Hereinafter, one example of a structure of the low-illuminance-supported DSC module 400 is described with reference to FIGS. 5 and 6.

FIG. 5 schematically illustrates a cross-sectional structure of a DSC 100 used in the low-illuminance-supported DSC module 400 according to this embodiment. FIG. 6 schematically illustrates a cross-sectional structure of the low-illuminance-supported DSC module 400 having a plurality of DSCs 100a, which are a plurality of DSCs 100 that have been electrically-linearly connected with each other.

As illustrated in FIG. 5, each DSC 100 has a transparent substrate 12, a photoanode 15 formed on the transparent substrate 12, a porous insulating layer 22 formed on the photoanode 15, an antipole 34 formed on the porous insulating layer 22, a catalyst layer 24, a substrate 32, and an electrolytic medium 42 filled between the photoanode 15 and the substrate 32. The electrolytic medium 42 typically is an electrolyte solution. The electrolyte solution contains at least I⁻ and I₃⁻ as a mediator (redox pair). The electrolytic medium 42 enters into the porous insulating layer 22 provided between the photoanode 15 and the antipole 34. The electrolytic medium 42 held by the porous insulating layer 22 functions as a carrier transport layer. In a case where a structure in which the antipole 34 is formed on the substrate 32 so that the photoanode 15 is not physically in contact with the antipole 34 in an environment of using the DSC is adopted, the porous insulating layer 22 may be omitted.

However, by adopting the structure of FIG. 5 in which the components described above, from the photoanode 15 to the antipole 34, are formed on the transparent substrate 12 (i.e., monolithically-integrated structure), for example, a glass plate which is comparatively thin in thickness and low in cost can be used as the substrate 32. Such a substrate 32 (thinner than the substrate 12) may also be referred to as a cover member. By adopting the monolithically-integrated structure, only one glass substrate having an FTO (Fluorine doped Tin Oxide) layer (as the transparent substrate 12 and a transparent conductive layer 14), which is relatively expensive, is required, and thus, it is advantageous in reducing the cost of the DSC module.

As the transparent substrate 12 and the substrate 32, known transparent substrates, such as glass substrates or plastic substrates, may be adopted. Here, light is received from the transparent substrate 12 side, and therefore, at least the type of the substrate as the transparent substrate 12 is selected so that light having a wavelength with which a photosensitizer of the DSC 100 is excited is sufficiently transmitted through the transparent substrate 12. The substrate 32 may be transparent or nontransparent. However, when used in an environment in which light enters also from the substrate 32 side, the substrate 32 is preferably transparent, so as to increase an amount of light reaching the photosensitizer.
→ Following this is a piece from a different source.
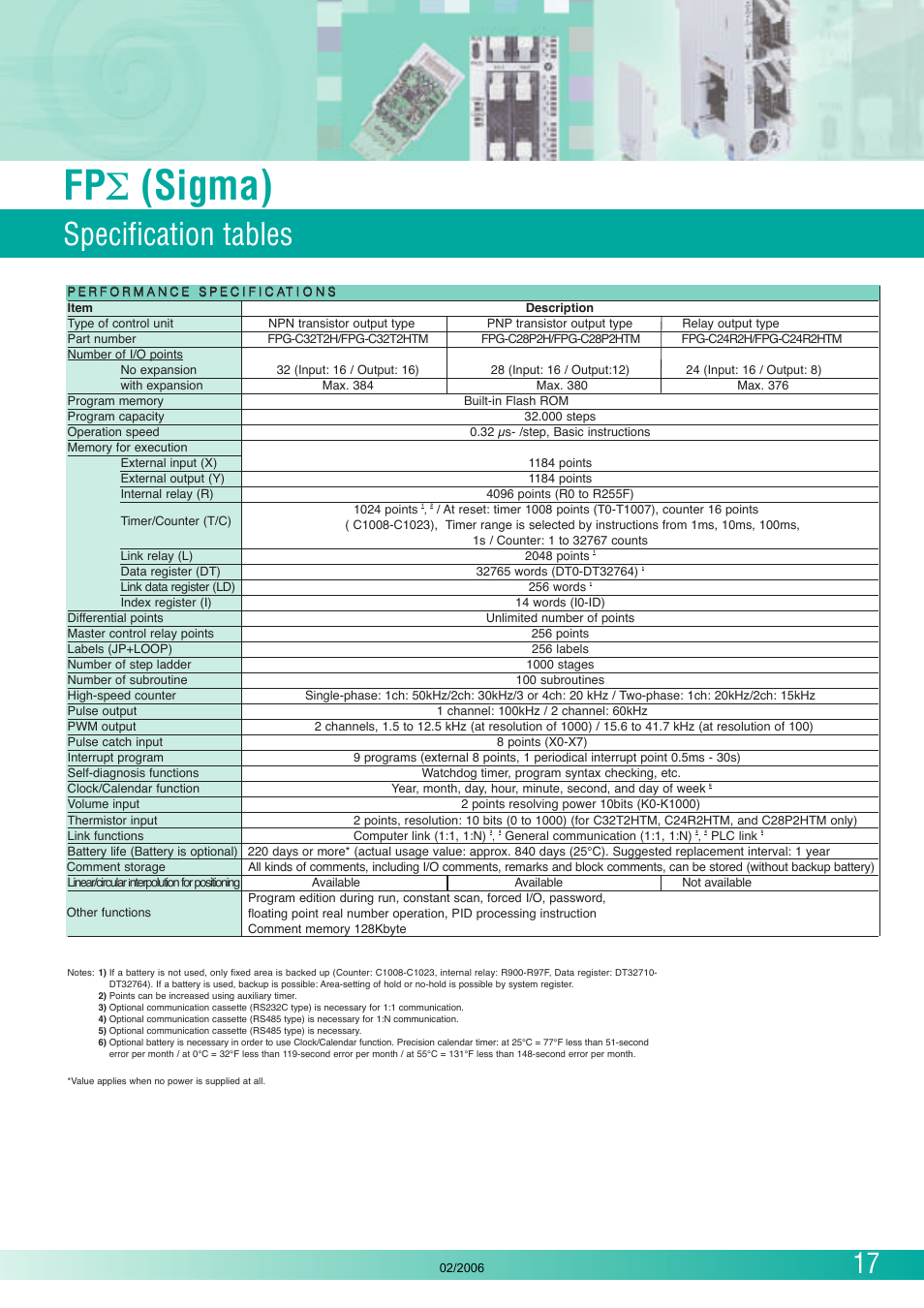 Fp σ (sigma), Specification tables | Panasonic FP (Sigma) User Manual | Page 17 / 20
The photoanode 15 of the DSC 100 includes the transparent conductive layer 14 provided on the electrolytic medium 42 side of the substrate 12, a metallic oxide layer 16 formed on the electrolytic medium 42 side of the transparent conductive layer 14, a porous semiconductor layer 18 provided on the electrolytic medium 42 side of the metallic oxide layer 16, and a sensitizing dye (not illustrated) carried by the porous semiconductor layer 18. Note that the porous semiconductor layer carrying the sensitizing dye may be referred to as the photoelectric conversion layer 18. The transparent conductive layer 14 is made of a Transparent Conductive Oxide (TCO), such as FTO.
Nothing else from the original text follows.